One in eight women will be diagnosed with breast cancer in their lifetime according to the National Library of Medicine. Though the risk of developing tumors in the breast is associated with hormone or radiation exposure, alcohol use and other environmental toxicities, genes appear to play a significant role in a third of cases. Mutations in the BRCA1 and BRCA2 genes have been associated with hereditary breast and ovarian cancer. According to the National Cancer Institute, these genes also put men at risk of breast cancer. However, other genes are also potential hereditary components of cancer, and not every BRCA-mutant carrier will develop cancer. A woman’s typical lifetime risk of breast cancer, according to Massachusetts General Hospital, is 13 percent, but a woman with a BRCA mutation could have a risk as high as 80 percent.

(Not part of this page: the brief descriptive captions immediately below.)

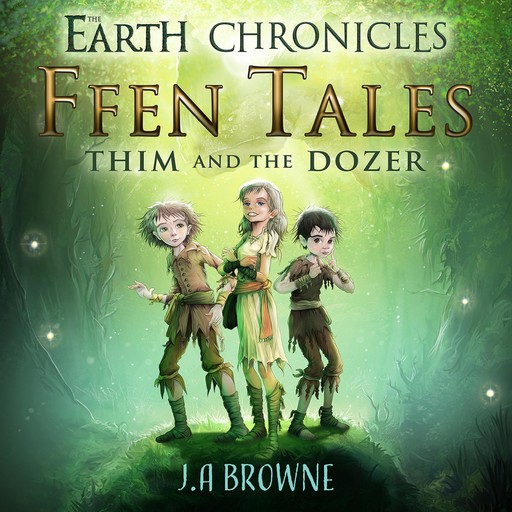 Ffen Tales - Thim and the Dozer, J.A. Browne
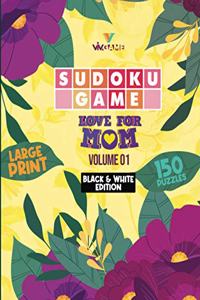 Sudoku Game Love For Mom Volume01 (Black & White Edition)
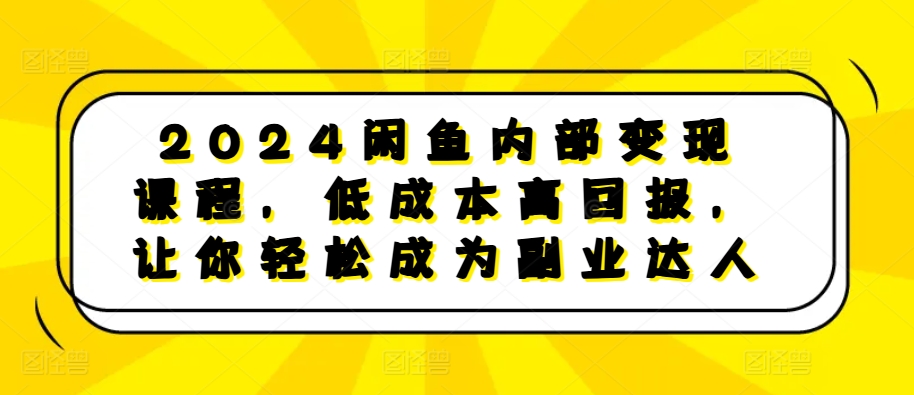 2024闲鱼内部变现课程，低成本高回报，让你轻松成为副业达人-汇智资源网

Genetic testing for BRCA mutations has been available since the 1990s. Women with a family history of breast cancer can receive genetic counseling and testing to determine their risk of developing the tumors. A positive genetic test could be followed with more screening, such as more frequent mammograms (though this could also increase risk and should be discussed with a doctor), or some with a more severe family history may opt for preventative mastectomy (breast tissue removal). According to investigators at Mass General in 2009, most women are not aware that a genetic test, and options, is available to them if they have a family history of aggressive cancers.
Various types of genetic tests are available for breast cancer – most tests evaluate the DNA to determine whether a mutation is present in the BRCA1 or BRCA2 genes, another test looks at the proteins encoded by these genes to determine whether they are normal. But all these tests focus on BRCA – the involvement of other genes is overlooked. Testing a family member with cancer is the best way to determine whether the hereditary tumors are caused by BRCA and whether testing will determine one’s true risk, as BRCA mutations are responsible for only about 5 percent of breast cancers according to the MayoClinic. The tests require a blood sample that can easily be taken at a doctor’s office. The sample is then sent to a laboratory for the particular test being requested.
In June 2011, the U.S. Food and Drug Administration approved a different kind of genetic test for breast cancer, one that can determine the response of the tumor to treatment. Her2-positive breast cancers are more aggressive and respond better to herceptin treatment. The test can determine whether the tumor will respond to such treatment, as well as help in the prognosis and support of the patient by knowing whether the tumor is Her2-positive.
If you have a family history of breast cancer and are concerned about your risk, your doctor can guide you to a genetic testing facility. The cost associated with the test varies by testing company and may be a consideration. You will also want to discuss with your doctor the options you would consider should the test come back unfavorably. If you are tested, results are generally available 2 to 4 weeks after the blood sample is taken. Be sure to discuss any concerns you may have with your doctor.